#### SUPPLIED INFORMATION
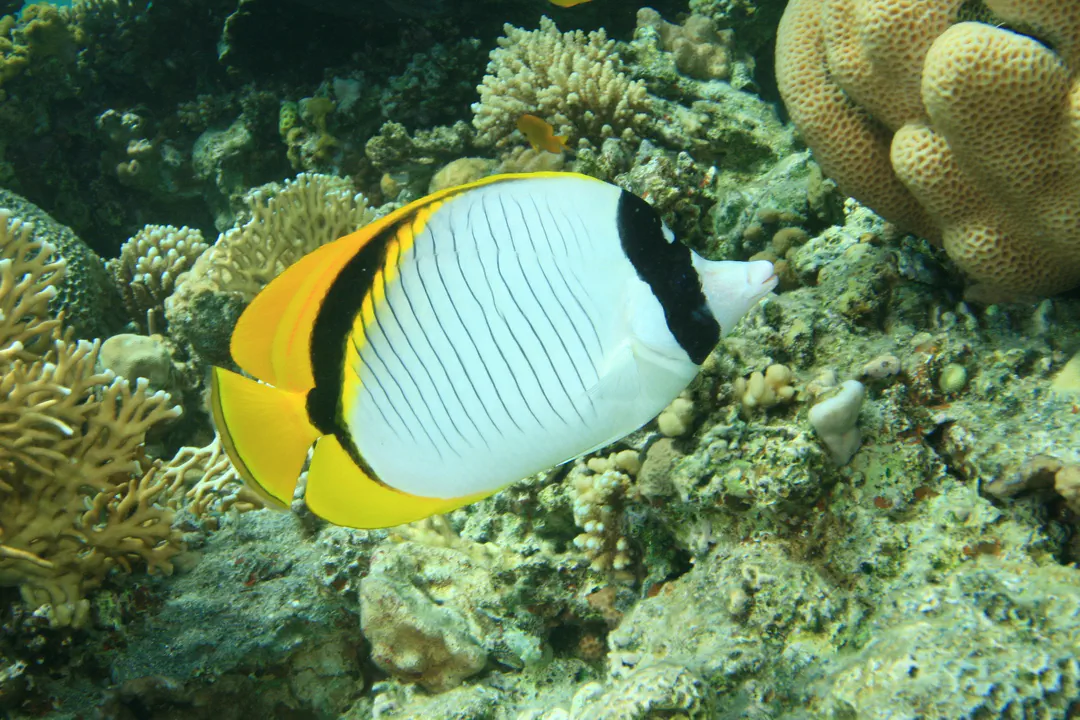 Spotnape Butterflyfish (Chaetodon oxycephalus)
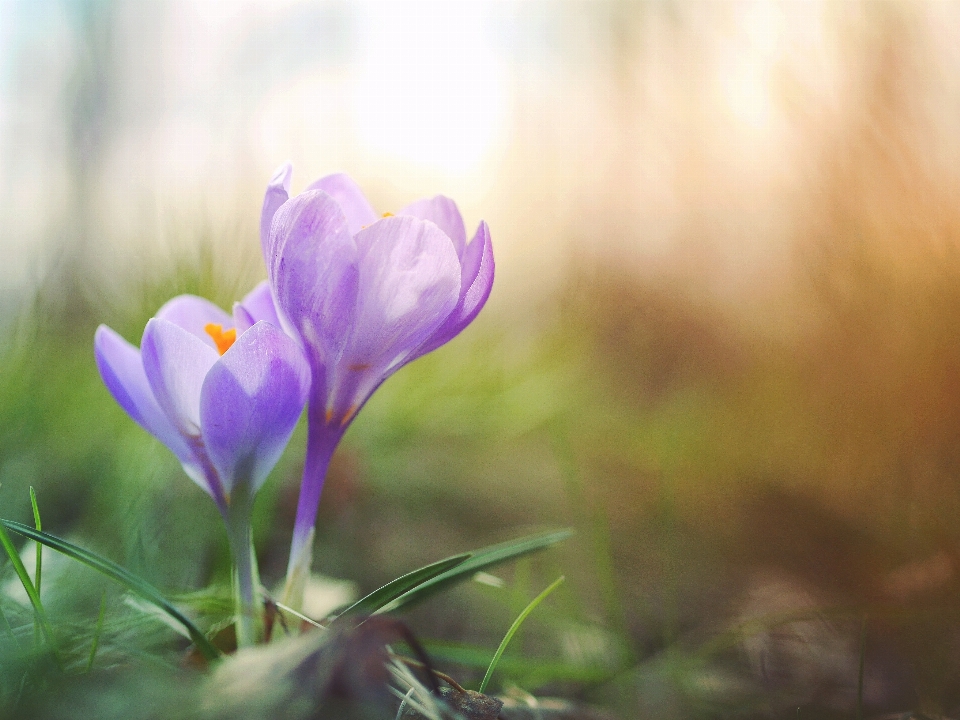 Natur blüte anlage sonnenlicht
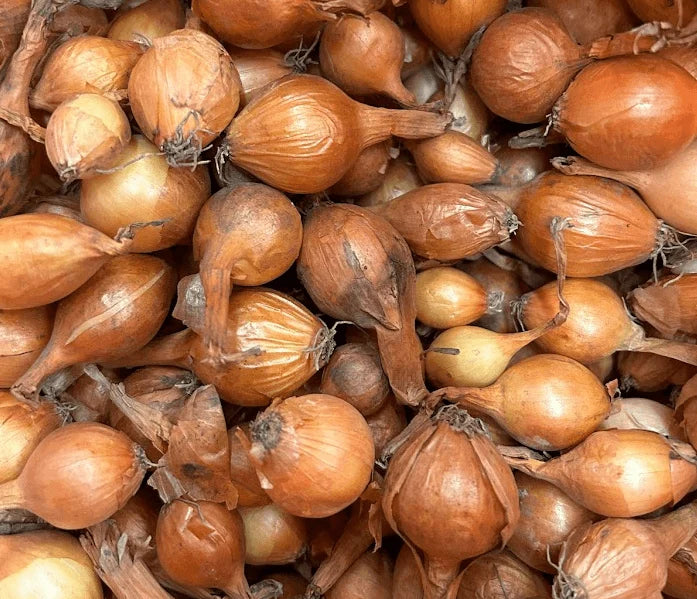 SPANISH ONION BULBS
########
### PROBLEM STATEMENT
All that the answer may contain is the exact text of the lines from the one with "Natur blüte anlage sonnenlicht" through the last line of the material, pictures excluded.

### WRITTEN ANSWER
 Natur blüte anlage sonnenlicht
 SPANISH ONION BULBS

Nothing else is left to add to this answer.